26 May Addicted and Pregnant: Finding Help
Drug use during pregnancy is a serious and challenging health concern for both expecting mothers and the children who are born after exposure to drugs in utero. It can be a major challenge to convince pregnant women to seek treatment for drug addiction and another challenge to find appropriate treatment for them once they make the decision to begin their recovery. The treatment itself is also complicated by concerns for the expecting mother’s health and the development of the fetus.
Finding the strength and motivation to seek treatment for addiction is always difficult. Pregnant women have an added incentive to get clean, but many of them also have an added fear. They worry that if they tell their doctor about their addiction, they will lose custody of their child.
Treatment also has its complications, because abstinence and withdrawal can put the fetus at risk. As a result, most pregnant women are treated with methadone or buprenorphine to allow them to detox from the more dangerous drug without triggering withdrawal.
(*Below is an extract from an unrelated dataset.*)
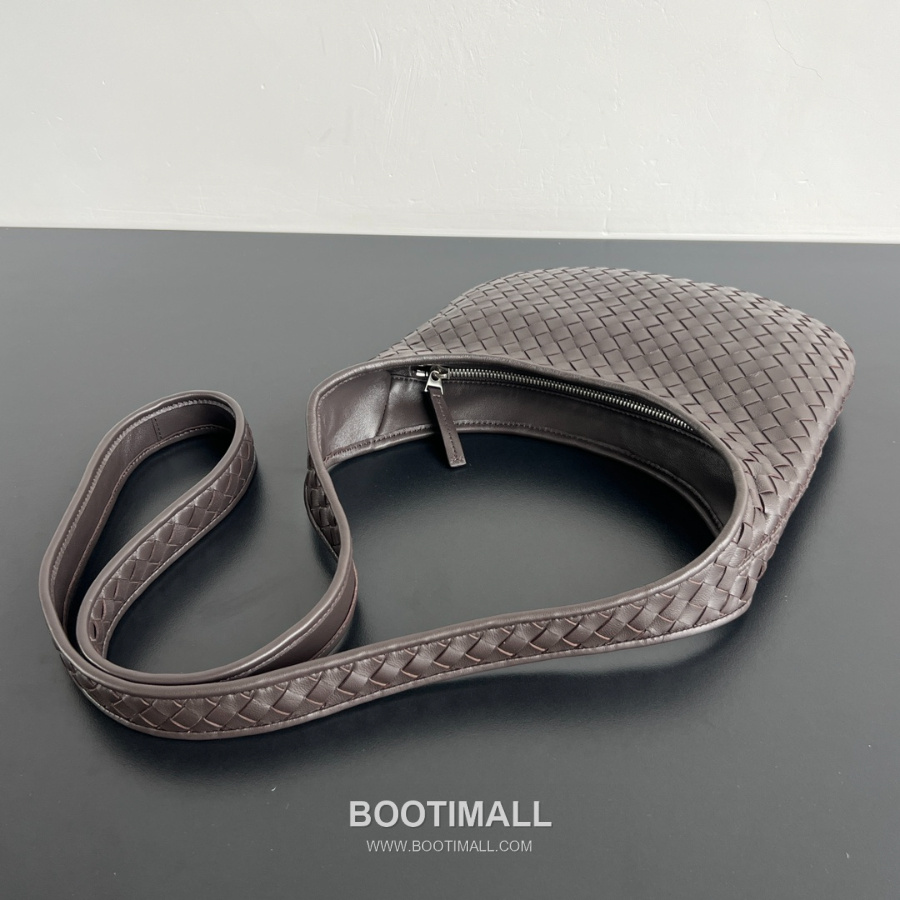 Bottega Veneta Small Veneto Intrecciato 보테가 베네타 스몰 베네토 인트레치아토 크로스바디 백 836918V5RI1 다크 브라운 27cm 4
Among other risks, withdrawal caused by going “cold turkey” can cause a miscarriage or the onset of early labor.
Benefits of Proactively Seeking Treatment
Seeking early treatment can greatly improve a pregnant women’s health by the time she gives birth, and reduce the likelihood that her child will suffer serious consequences due to neonatal abstinence syndrome. There may still be withdrawal symptoms for both mother and child after delivery from the use of therapeutic drugs.
Women who seek treatment on their own also have a much better chance of maintaining custody of their children than women whose drug use is exposed through testing or being caught in possession. Many hospitals are required to test newborns and/or new mothers for exposure to drugs, and when drug use is found, the odds of immediate temporary custody loss are high. However, custody only becomes an issue after the child is born. Women who have demonstrated a commitment to recovery by the time they deliver greatly reduce the chances that anyone will consider them an unfit parent or a danger to their children.
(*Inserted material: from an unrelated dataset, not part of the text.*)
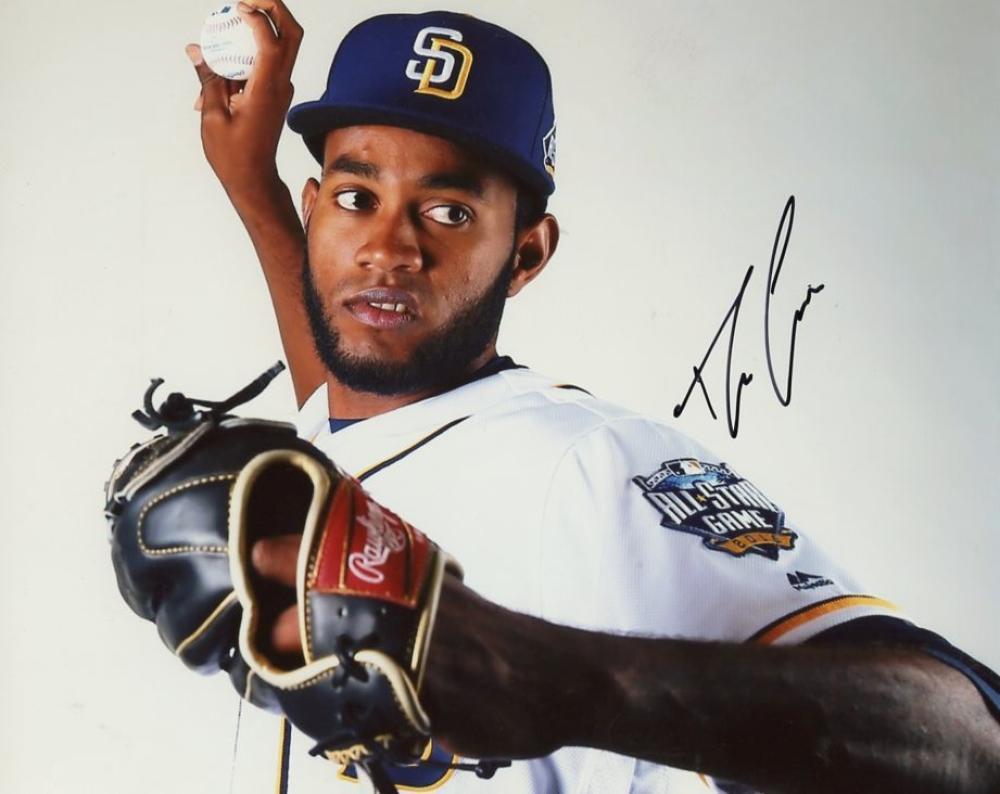TAYRON GUERRERO SAN DIEGO PADRES SIGNED AUTOGRAPHED 8X10 PHOTO W/COA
Fear of Legal Consequences
The fears that many pregnant women have about revealing their drug use are not entirely unfounded. In Tennessee, women who use drugs while pregnant can be criminally charged for harm done to their infants beginning July 1. Various charges in other states that have been brought against women for prenatal drug use include delivering drugs to a minor, child abuse and even assault with a deadly weapon.
Child welfare laws that make prenatal drug use a civil rather than criminal matter are more common. And there are cases in which children have been placed temporarily or permanently in foster care because of their mothers’ drug use. Nevertheless, women who enter treatment early in their pregnancy and remain committed can benefit from the advocacy of their various care providers in the event that their custody is ever challenged.
The Struggle to Find Treatment
Society is harshly critical of women who use drugs during pregnancy, and any healthcare professional would agree that pregnant women suffering from addiction should get treatment immediately. So why is it so challenging for many pregnant women who do make the decision to get treatment to actually find a facility that will treat them?
An unfortunate number of pregnant women who apply for addiction treatment find themselves turned away or referred elsewhere. Some treatment facilities take a total abstinence approach and are unwilling to make exceptions, in spite of the risks involved in treating pregnant women without medication. These facilities often refuse to treat pregnant women outright, not wanting to deal with the potential for serious medical consequences. Other treatment facilities may not provide options for therapy through medication and force women who have a preference for either methadone or buprenorphine to look elsewhere.
This process can delay treatment for many women who want to begin their recovery as quickly as possible. Some women even give up on finding treatment; many feel frustrated by being turned away, struggle to find time or transportation to visit multiple places looking for a facility that will accept them, or feel frightened or humiliated by information these facilities give them.